Baseball is full of nutters and head cases, and closers are among the nuttiest of them all—the game’s wildest men and drama queens, the gloaters and the long-haired fist pumpers. Closers employ all kinds of mental tricks to shut down the voices in their heads: They pretend they’re back in the minors where nothing really counts, or they visualize blondes behind home plate. But Rivera doesn’t need tricks. His eye is on a bigger prize, which is to say Heaven, and that has a way of placing more quotidian anxieties about stats, standings, and contract deals into perspective. “At the end!” he says with so much suppressed excitement I think he might explode. “That’s where I want to become a giant. That’s where it counts. It doesn’t matter now.” The certain knowledge that God is at his side, even on the mound, gives Rivera a kind of mental equilibrium that most players (and most people) can only yearn for, a profound mixture of fatalism and personal responsibility best captured by the AA mantra, the “Serenity Prayer”: “God grant me the serenity to accept the things I cannot change, courage to change the things I can, and wisdom to know the difference.” Rivera likes to win—“everybody does,” he says—and he believes that giving his life to Christ puts him on the right team. “As long as you cross the [finish] line with the Lord, you’re a winner.”

Rivera, in the bullpen of the old Yankee Stadium, 2006.Photo: Martin Schoeller

His faith does not relieve the pitcher of his responsibilities; he is no puppet, and God isn’t calling the pitches, Rivera tells me, laughing at the suggestion. The fact that his gifts come from God increases his obligation to honor them with the hard work and discipline for which he is famous, he says. When Rivera botches a save, it’s his failure—but it’s also part of God’s mysterious plan. “You have to do your part,” he says. “And he will do everything else. You have to be there. Sometimes it doesn’t go your way, but it doesn’t mean that he’s not in control. Sometimes it doesn’t go my way. I have lost the World Series. I have lost games in the regular season. I have lost games in the playoffs.”

It’s a two-tiered system, in which God controls ultimate outcomes from Heaven while down in the stadium Rivera takes perfect aim to win.
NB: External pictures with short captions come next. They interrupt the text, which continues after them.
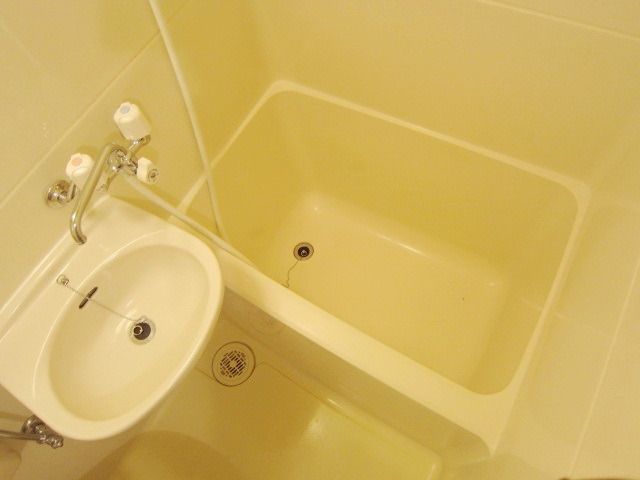 バス・シャワールーム　★お問い合わせはタウンハウジングまで★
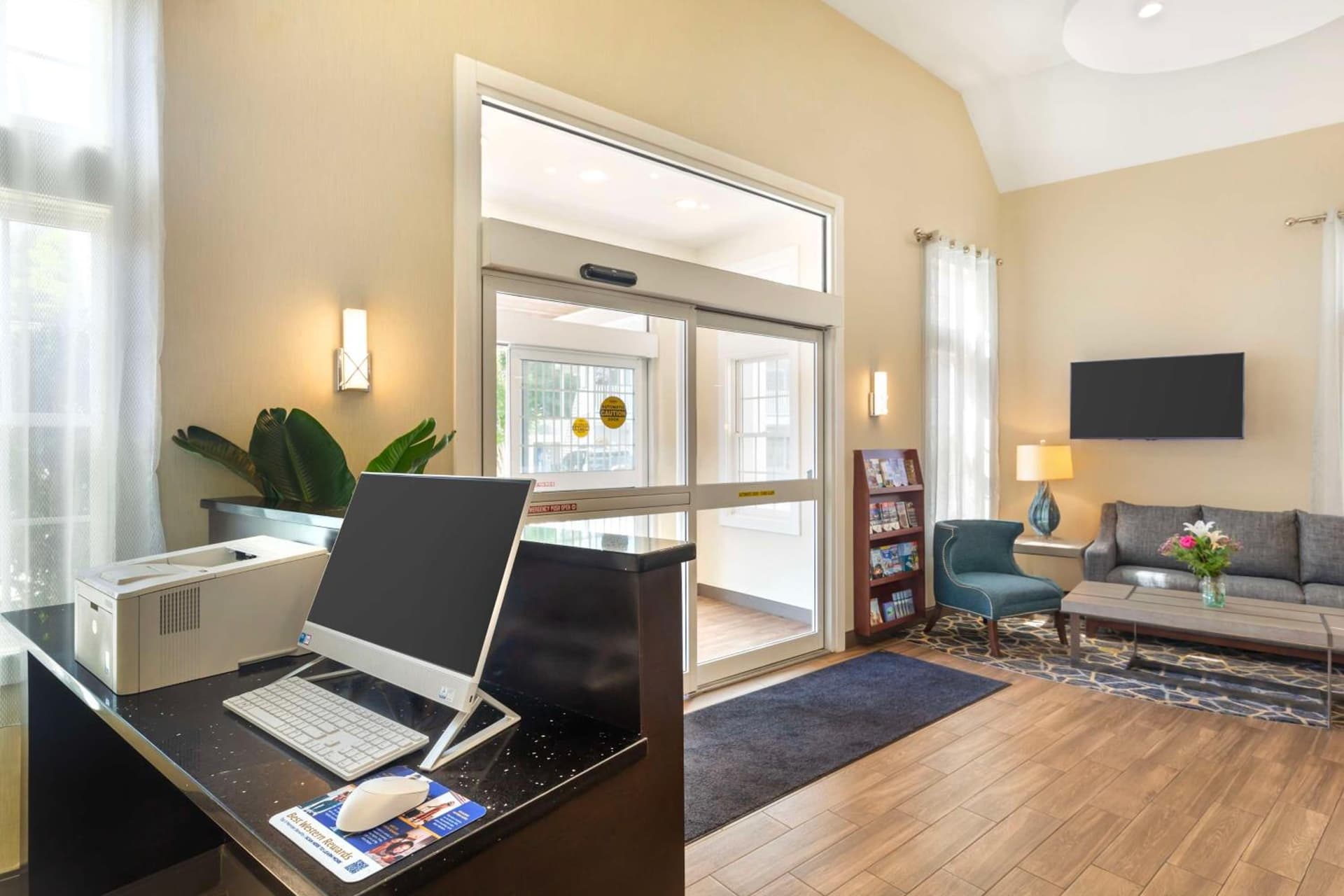 Best Western Plus Cold Spring gallery photo in Plymouth, MA — image 5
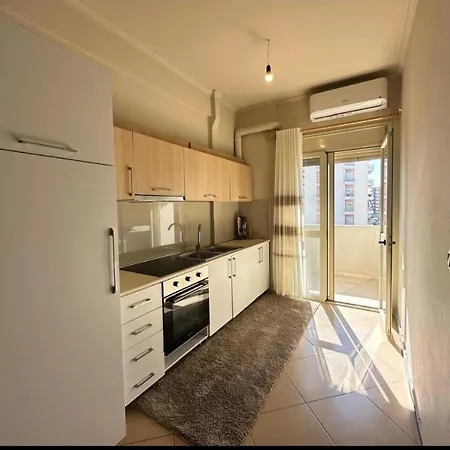 Shon House Apartament *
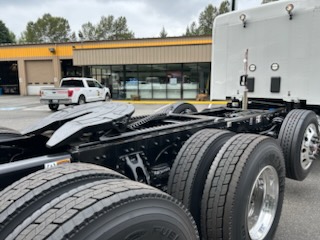 2025 Kenworth T880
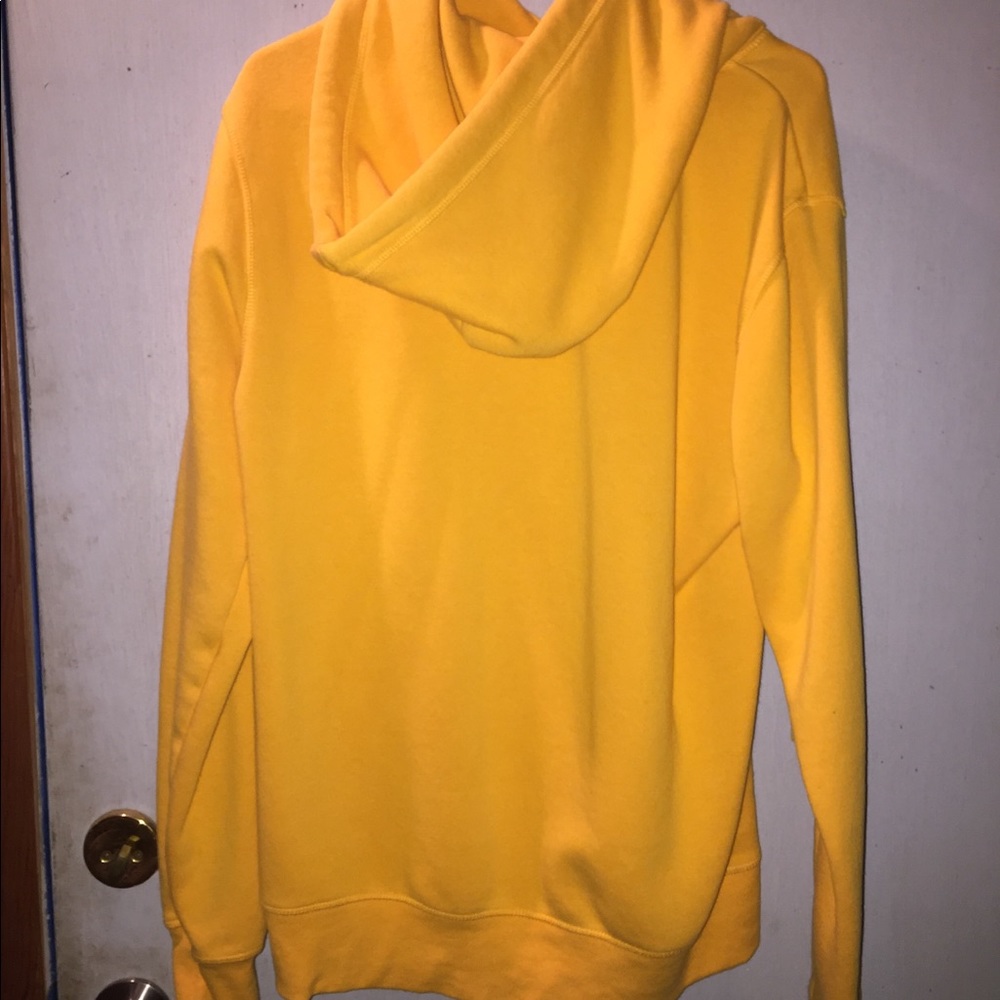 H&M Sweater - Picture 2 of 2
Too many people claim a religious faith only when it’s convenient, Rivera says, when they want something or when they’re in a particular bind. “When you’re talking about the Lord, it’s your creator. Everything. Your lord. Your master. Your owner. Your everything. I do believe that if you call God our Lord, it means he rules over you. And sometimes we don’t let him do that. We don’t let that happen. We call him Lord, yes, but on circumstance. Not on everything. And how come if he’s our Lord, we don’t allow him to rule over everything?” The question is rhetorical. “Sometimes, we want to take charge, and that’s when everything goes wrong. I can tell you. When you think, Oh, I have it. I’m in control. Guess what? You are not.”

“God allows me to perform without putting too much stress on myself,” says Rivera’s teammate and fellow Christian Andy Pettitte. For Rivera, more crucially, his faith in a perfect, ordered universe permits him to fail. Jorge Posada, the former Yankee catcher who is one of Rivera’s closest friends, believes that Rivera’s mental agility in the face of disappointment is the best evidence of the strength of his faith—better than the tattered Bible he carries with him always or the Bible verse (Philippians 4:13: “I can do all things through Christ who strengthens me”) the folks at Nike have embroidered discreetly on his cleats (so discreetly that even up close I have to strain to see it). “People have to fail, and through his faith he’s able to do that a lot better than most,” Posada told me. “It’s so hard in the game of baseball, you are failing a lot. He’s a freak of nature. He’s able to put his failures behind him so quick.” Posada is thinking of two spectacular failures in particular, when Rivera lost the lead in the fourth game of the 1997 division series against the Indians and blew the seventh game of the 2001 World Series against the Arizona Diamondbacks. “I asked him, ‘How did you bounce back from ’97, how did you bounce back from 2001?’ ” Posada marveled. “I can’t do that. I still think about the mistakes we do in life.”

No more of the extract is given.